## [DATA]

○ ○ ○

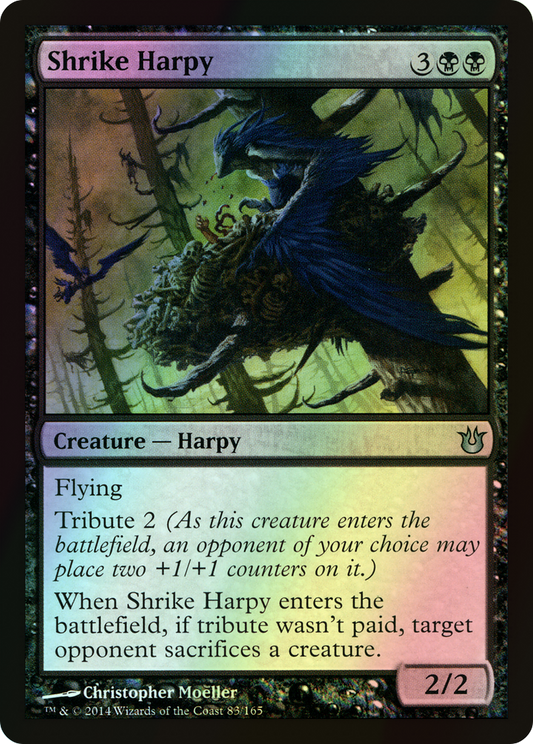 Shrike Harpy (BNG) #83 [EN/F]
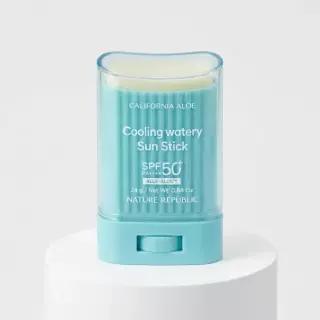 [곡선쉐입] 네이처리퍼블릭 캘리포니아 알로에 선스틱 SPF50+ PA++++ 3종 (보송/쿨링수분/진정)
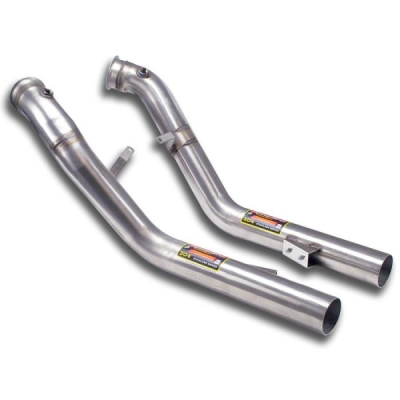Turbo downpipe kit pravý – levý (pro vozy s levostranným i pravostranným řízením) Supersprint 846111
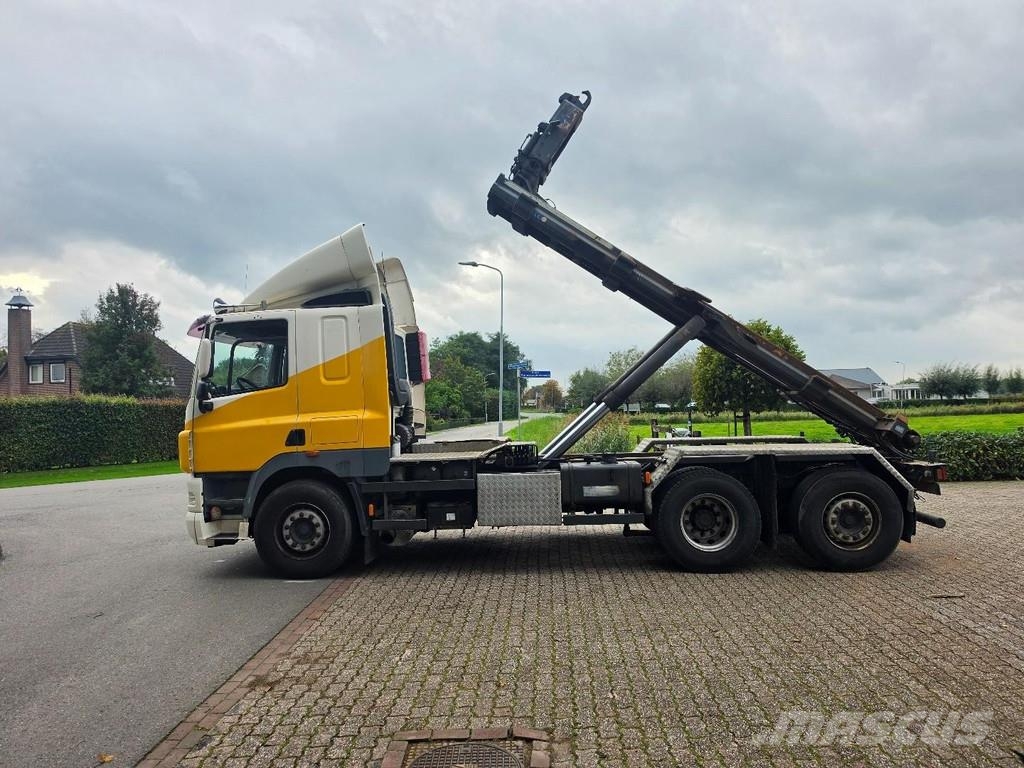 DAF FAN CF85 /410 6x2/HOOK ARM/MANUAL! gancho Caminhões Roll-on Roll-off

○ ○ ○

## [EXERCISE]
An exact copy of the data is required, with the pictures excluded.

## [TASK OUTPUT]
 Shrike Harpy (BNG) #83 [EN/F]
 [곡선쉐입] 네이처리퍼블릭 캘리포니아 알로에 선스틱 SPF50+ PA++++ 3종 (보송/쿨링수분/진정)
Turbo downpipe kit pravý – levý (pro vozy s levostranným i pravostranným řízením) Supersprint 846111
 DAF FAN CF85 /410 6x2/HOOK ARM/MANUAL! gancho Caminhões Roll-on Roll-off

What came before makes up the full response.